How could a peaceable, freethinking man live neighbor to the
Forty-ninth Regiment? A New-Englander would naturally be a bad
citizen, probably a rebel, there,--certainly if he were already a
rebel at home. I suspect that a poor man who is not servile is a much
rarer phenomenon there and in England than in the Northern United
States. An Englishman, methinks,--not to speak of other European
nations,--habitually regards himself merely as a constituent part of
the English nation; he is a member of the royal regiment of
Englishmen, and is proud of his company, as he has reason to be proud
of it. But an American--one who has made a tolerable use of his
opportunities--cares, comparatively, little about such things, and is
advantageously nearer to the primitive and the ultimate condition of
man in these respects. It is a government, that English one,--like
most other European ones,--that cannot afford to be forgotten, as you
would naturally forget it; under which one cannot be wholesomely
neglected, and grow up a man and not an Englishman merely,--cannot be
a poet even without danger of being made poet-laureate!

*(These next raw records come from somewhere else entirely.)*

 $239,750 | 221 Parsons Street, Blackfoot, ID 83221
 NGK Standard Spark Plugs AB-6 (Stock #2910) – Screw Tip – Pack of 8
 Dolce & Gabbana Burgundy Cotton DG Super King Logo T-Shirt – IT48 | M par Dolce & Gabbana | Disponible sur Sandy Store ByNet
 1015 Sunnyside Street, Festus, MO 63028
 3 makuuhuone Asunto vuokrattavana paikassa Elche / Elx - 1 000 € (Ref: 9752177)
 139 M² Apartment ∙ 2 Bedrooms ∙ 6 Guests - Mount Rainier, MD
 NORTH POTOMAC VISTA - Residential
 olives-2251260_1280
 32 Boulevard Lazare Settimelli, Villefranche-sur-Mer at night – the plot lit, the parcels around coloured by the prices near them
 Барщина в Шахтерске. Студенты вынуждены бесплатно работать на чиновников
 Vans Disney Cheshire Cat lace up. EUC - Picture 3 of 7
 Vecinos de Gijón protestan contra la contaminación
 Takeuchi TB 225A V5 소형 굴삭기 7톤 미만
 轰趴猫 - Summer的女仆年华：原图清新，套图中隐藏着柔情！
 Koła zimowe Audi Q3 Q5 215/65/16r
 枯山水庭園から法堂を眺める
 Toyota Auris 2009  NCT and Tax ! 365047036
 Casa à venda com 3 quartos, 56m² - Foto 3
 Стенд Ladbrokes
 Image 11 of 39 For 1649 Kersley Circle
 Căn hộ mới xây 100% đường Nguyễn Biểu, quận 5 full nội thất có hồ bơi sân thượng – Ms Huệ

Give me a
country where it is the most natural thing in the world for a
government that does not understand you to let you alone. One would
say that a true Englishman could speculate only within bounds. (It is
true the Americans have proved that they, in more than one sense, can
_speculate_ without bounds. ) He has to pay his respects to so many
things, that, before he knows it, he _may_ have paid away all he is
worth. What makes the United States government, on the whole, more
tolerable--I mean for us lucky white men--is the fact that there is so
much less of government with us. Here it is only once in a month or a
year that a man _needs_ remember that institution; and those who go to
Congress can play the game of the Kilkenny cats there without fatal
consequences to those who stay at home, their term is so short; but in
Canada you are reminded of the government every day. It parades itself
before you. It is not content to be the servant, but will be the
master; and every day it goes out to the Plains of Abraham or to the
Champ de Mars and exhibits itself and toots. Everywhere there appeared
an attempt to make and to preserve trivial and otherwise transient
distinctions. In the streets of Montreal and Quebec you met not only
with soldiers in red, and shuffling priests in unmistakable black and
white, with Sisters of Charity gone into mourning for their deceased
relative,--not to mention the nuns of various orders depending on the
fashion of a tear, of whom you heard,--but youths belonging to some
seminary or other, wearing coats edged with white, who looked as if
their expanding hearts were already repressed with a piece of tape.